On October 10, the General Faculties Council Academic Planning Committee approved the Sound Studies Initiative to become an institute after meeting various targets required by the university. Located in the Old Arts Building, the initiative started in 2015 and broadly researches how different aspects of sounds work, as well as hosts presentations for students.
“The university has a focus on interdisciplinary sound and research, but sound itself has many components to it,” said Mary Ingraham, the institute’s director. “How it’s generated, produced, heard, what the sound impacts; there are many ways of thinking and interacting with sound, and they come across disciplines.”
The institute has research projects involving the community, with Ingraham highlighting a collaboration with the Aboriginal Multi-Media Society of Alberta to transfer and transcribe old records into a digital archive. It is also part of the Cultures of Sound Network, an international collaboration involving Memorial University of Newfoundland, the Canadian Museum of History, and Smithsonian Folkways Recordings to promote and preserve music and culture.

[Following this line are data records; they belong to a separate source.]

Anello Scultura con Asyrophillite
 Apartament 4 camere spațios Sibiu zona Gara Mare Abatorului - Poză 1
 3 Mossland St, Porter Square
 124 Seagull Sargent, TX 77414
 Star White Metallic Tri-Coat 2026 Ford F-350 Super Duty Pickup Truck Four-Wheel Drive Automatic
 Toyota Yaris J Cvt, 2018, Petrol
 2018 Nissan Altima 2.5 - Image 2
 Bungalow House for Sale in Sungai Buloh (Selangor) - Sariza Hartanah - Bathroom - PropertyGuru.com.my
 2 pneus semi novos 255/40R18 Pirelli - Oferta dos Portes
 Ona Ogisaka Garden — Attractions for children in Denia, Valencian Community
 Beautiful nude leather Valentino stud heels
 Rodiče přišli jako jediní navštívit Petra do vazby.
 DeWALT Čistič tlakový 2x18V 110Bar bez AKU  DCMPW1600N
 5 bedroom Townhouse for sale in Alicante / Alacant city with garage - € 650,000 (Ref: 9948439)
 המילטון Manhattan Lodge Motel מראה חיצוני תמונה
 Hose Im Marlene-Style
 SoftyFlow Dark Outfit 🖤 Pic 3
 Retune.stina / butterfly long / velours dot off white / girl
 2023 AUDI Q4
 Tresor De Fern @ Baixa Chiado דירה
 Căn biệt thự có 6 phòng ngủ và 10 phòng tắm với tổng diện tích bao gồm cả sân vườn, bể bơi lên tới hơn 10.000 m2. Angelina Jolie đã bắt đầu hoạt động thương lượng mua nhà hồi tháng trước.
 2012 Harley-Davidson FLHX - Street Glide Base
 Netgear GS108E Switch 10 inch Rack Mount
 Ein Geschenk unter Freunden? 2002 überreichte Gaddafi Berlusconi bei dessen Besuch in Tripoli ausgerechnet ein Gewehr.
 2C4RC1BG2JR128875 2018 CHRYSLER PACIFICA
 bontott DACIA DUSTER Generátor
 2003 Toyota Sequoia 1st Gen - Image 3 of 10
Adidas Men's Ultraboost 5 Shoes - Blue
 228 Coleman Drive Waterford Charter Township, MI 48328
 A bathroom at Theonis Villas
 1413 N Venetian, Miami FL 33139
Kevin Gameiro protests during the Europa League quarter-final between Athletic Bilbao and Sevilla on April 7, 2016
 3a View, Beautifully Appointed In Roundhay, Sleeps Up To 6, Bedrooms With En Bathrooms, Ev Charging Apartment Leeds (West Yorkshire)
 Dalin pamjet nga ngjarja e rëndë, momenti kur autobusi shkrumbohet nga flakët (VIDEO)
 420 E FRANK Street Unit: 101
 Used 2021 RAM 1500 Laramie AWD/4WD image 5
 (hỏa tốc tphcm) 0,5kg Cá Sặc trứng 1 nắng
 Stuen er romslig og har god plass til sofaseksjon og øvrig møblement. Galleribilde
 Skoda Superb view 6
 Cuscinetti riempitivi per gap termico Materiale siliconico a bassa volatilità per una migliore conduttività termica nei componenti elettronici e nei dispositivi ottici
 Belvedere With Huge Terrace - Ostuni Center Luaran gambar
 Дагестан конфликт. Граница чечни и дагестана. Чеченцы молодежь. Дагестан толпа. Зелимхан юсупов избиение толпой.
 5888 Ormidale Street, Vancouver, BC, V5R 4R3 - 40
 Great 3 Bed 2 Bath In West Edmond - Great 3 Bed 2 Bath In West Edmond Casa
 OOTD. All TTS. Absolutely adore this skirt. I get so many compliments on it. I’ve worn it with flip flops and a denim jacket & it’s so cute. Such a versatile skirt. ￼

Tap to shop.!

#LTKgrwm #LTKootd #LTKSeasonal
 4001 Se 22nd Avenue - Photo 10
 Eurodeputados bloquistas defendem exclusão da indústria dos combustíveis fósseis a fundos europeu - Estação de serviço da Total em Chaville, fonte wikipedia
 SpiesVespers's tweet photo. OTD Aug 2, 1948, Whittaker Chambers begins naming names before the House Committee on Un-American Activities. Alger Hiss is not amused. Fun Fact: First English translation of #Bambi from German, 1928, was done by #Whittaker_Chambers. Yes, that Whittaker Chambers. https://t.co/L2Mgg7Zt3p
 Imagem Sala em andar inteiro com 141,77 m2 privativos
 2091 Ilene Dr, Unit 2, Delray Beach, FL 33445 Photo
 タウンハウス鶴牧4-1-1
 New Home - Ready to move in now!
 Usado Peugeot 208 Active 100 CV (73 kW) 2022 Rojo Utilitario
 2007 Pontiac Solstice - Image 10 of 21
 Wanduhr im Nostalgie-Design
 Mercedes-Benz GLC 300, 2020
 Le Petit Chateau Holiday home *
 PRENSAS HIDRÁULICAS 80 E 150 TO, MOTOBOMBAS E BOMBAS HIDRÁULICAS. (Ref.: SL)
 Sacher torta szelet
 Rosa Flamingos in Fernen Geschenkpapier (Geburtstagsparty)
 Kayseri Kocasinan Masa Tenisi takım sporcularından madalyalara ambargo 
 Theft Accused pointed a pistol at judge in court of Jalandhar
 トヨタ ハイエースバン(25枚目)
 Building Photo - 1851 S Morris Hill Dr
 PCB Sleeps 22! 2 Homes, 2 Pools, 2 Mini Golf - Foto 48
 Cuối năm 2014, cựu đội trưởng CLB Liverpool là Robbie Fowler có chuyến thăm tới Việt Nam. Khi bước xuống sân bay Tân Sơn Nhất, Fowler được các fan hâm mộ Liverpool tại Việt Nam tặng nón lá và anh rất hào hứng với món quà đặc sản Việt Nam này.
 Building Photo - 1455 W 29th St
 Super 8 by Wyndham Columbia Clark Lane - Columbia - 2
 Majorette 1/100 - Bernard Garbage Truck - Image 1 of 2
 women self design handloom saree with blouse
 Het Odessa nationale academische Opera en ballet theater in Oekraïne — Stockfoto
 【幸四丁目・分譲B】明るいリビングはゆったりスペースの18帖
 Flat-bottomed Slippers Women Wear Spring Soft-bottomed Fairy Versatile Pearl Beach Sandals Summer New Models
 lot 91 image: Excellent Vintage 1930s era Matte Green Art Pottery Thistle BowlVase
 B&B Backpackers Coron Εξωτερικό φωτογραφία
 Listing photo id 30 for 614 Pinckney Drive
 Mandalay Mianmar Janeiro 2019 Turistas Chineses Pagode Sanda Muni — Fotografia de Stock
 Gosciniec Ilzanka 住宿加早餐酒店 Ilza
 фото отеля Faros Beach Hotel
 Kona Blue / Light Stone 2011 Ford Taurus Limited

The Sound Studies Institute will be holding events throughout the term including the Winter Roots Roundup festival in February, and Sound Sessions where workshops or traditional research on sound are presented. As the successor to another sound-based partnership with Smithsonian Folkways called folkwaysAlive!, the institute holds the Asch collection: a diverse, global catalogue of recordings ranging from folk to ethnic performance traditions.
“Some of it’s practical, some of it’s performance, and some of it’s what we might call pure research,” Ingraham said. “People are welcome to come and see what’s going on. If you’re just passing by, don’t be afraid to walk in.”
In order to become an institute, the university required various governing structures to be established, and one of their current challenges is their ability to raise funds. Although this took a few years to develop, Ingraham said they were buoyed by the excitement of their graduate students and researchers.
“We found no resistance from researchers or graduate students,” Ingraham said. “In fact, they were very enthusiastic about the need for this cross-disciplinary base where a computing science student could talk to a composer in music.”
For now, Ingraham is focusing on improving the institute’s research capacity, finding funding, and promoting awareness within the community of their projects.
“We are all engaged with sound, and I think it is an important part of how we recognize ourselves in the world,” she said. “I think it’s something that brings us all together that results in communities of people in particular areas. There are so many different ways that we can explore it, and all of them come back to the fact that we are humans in this space.”